Data Preparation - ADIEWS

Notebook: 00_data_preparation.ipynb
Status: ✅ Complete
Output Dataset: aadhaar_demographics_cleaned.csv

Overview

This phase establishes the foundational dataset for the entire ADIEWS framework by cleaning, transforming, and enriching raw Aadhaar demographic update records.

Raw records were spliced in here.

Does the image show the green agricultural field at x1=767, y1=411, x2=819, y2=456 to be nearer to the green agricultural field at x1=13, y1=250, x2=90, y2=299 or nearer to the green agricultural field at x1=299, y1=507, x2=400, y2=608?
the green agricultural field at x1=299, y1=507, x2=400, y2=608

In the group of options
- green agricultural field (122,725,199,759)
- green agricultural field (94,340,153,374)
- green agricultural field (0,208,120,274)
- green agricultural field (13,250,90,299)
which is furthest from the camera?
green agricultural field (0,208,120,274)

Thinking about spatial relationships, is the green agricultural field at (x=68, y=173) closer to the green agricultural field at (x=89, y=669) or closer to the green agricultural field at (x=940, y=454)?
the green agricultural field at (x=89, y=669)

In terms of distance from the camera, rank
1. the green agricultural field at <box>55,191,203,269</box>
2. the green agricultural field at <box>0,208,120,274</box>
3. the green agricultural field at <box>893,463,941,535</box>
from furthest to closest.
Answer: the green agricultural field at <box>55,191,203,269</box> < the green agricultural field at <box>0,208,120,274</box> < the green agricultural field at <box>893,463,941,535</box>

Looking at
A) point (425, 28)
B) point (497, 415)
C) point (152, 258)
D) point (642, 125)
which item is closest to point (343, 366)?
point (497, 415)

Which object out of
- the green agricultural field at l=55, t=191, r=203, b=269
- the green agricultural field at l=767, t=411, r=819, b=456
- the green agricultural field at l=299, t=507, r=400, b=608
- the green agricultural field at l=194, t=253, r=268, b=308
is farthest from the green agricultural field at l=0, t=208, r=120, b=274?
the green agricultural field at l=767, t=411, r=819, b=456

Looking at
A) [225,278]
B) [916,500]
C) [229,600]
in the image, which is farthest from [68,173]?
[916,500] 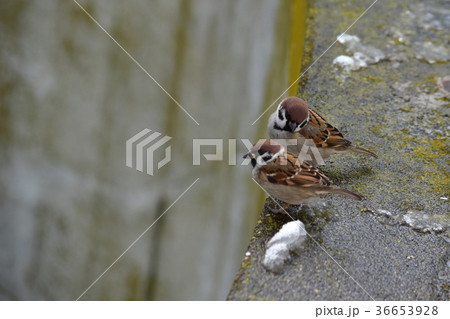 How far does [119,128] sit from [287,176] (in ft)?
3.46

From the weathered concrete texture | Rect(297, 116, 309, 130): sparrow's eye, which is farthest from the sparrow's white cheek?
Rect(297, 116, 309, 130): sparrow's eye

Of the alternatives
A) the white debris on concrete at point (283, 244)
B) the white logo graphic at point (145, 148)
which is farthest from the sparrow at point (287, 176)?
the white logo graphic at point (145, 148)

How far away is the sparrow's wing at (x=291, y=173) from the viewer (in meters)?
2.00

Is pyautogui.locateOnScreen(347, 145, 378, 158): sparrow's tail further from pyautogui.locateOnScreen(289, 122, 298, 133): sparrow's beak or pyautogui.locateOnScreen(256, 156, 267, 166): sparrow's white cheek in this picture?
pyautogui.locateOnScreen(256, 156, 267, 166): sparrow's white cheek

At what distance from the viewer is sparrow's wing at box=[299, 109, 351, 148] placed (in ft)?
7.40

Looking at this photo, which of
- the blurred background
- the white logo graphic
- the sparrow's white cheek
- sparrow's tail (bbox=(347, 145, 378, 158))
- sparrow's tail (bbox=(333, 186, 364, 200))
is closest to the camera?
sparrow's tail (bbox=(333, 186, 364, 200))

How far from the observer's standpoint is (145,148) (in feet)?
9.02

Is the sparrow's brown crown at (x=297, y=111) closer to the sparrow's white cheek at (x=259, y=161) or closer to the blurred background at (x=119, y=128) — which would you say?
the sparrow's white cheek at (x=259, y=161)

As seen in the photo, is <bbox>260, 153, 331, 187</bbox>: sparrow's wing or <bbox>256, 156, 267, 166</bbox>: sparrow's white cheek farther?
<bbox>256, 156, 267, 166</bbox>: sparrow's white cheek

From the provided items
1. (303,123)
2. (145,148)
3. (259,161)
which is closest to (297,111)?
(303,123)

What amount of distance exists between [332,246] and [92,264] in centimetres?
170

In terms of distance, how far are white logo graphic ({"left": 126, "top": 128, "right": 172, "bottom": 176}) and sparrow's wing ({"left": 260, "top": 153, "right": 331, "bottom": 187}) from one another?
0.84 metres

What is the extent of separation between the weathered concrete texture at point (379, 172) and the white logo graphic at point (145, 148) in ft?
2.87

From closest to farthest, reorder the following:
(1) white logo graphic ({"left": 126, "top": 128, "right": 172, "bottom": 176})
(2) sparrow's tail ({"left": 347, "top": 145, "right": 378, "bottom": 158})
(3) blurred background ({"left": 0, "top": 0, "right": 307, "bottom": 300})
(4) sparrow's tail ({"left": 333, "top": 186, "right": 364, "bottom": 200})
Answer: (4) sparrow's tail ({"left": 333, "top": 186, "right": 364, "bottom": 200}) → (2) sparrow's tail ({"left": 347, "top": 145, "right": 378, "bottom": 158}) → (3) blurred background ({"left": 0, "top": 0, "right": 307, "bottom": 300}) → (1) white logo graphic ({"left": 126, "top": 128, "right": 172, "bottom": 176}) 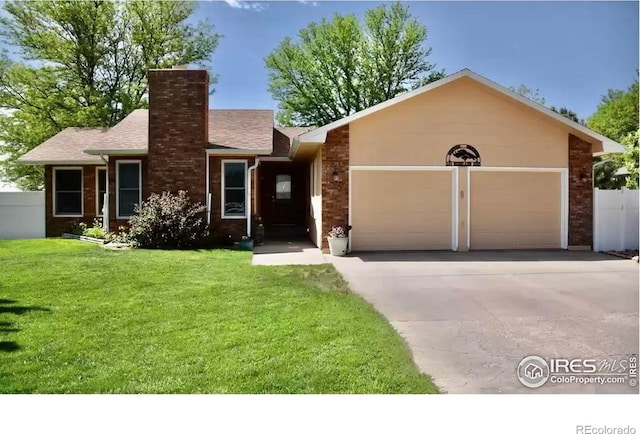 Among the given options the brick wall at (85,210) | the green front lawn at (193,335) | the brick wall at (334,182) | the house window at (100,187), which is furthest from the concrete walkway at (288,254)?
the brick wall at (85,210)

The preparation ensures data quality, consistency, and readiness for downstream analysis.

📥 Input Data

Raw Dataset Characteristics

Source Files: Multiple CSV files in DemographicData/ folder
Initial Records: 2,375,882 raw entries
Date Range: March 2025 - January 2026 (10 months)
Geographic Scope: 1,056 districts across India

Raw Schema

Columns:
- date: Update date (YYYY-MM-DD format)
- pincode: 6-digit area code
- district: District name
- state: State/UT name
- child_updates: Updates for ages 5-17
- adult_updates: Updates for ages 17+

🔧 Data Cleaning Steps

1. Missing Value Handling

Approach: Complete case analysis (remove rows with any null values)
Rationale: Geographic identifiers (pincode, district, state) are critical for spatial analysis
Result: 100% complete records retained

2. Date Standardization

Conversion: String dates → datetime64[ns] type
Validation: Ensure all dates fall within expected range
Temporal Features: Extract month, year for aggregation

3. Geographic Data Validation

Pincode Format: Verify 6-digit numeric codes
District Names: Standardize spelling and formatting
State Mapping: Validate against known state list
Deduplication: Remove duplicate pincode-district-date combinations

4. Numeric Data Quality

Non-Negative Constraint: Ensure child_updates ≥ 0, adult_updates ≥ 0
Outlier Detection: Flag extreme values (>99.9th percentile)
Data Type: Convert to int64 for update counts

🎨 Feature Engineering

Derived Metrics

1. Total Updates

total_updates = child_updates + adult_updates

Represents total demographic activity per record.

2. Child Share Percentage

child_share_pct = (child_updates / total_updates) * 100

Indicates proportion of updates involving children (ages 5-17).

3. Age Ratio

age_ratio = adult_updates / (child_updates + 1)  # +1 to avoid division by zero

Measures adult-to-child update intensity.

4. Temporal Features

month = date.month
year = date.year
month_name = date.strftime('%Y-%m')

Enables time-series and seasonal analysis.

📊 Aggregation Pipelines

1. District-Level Monthly Aggregates (`df_monthly_district.csv`)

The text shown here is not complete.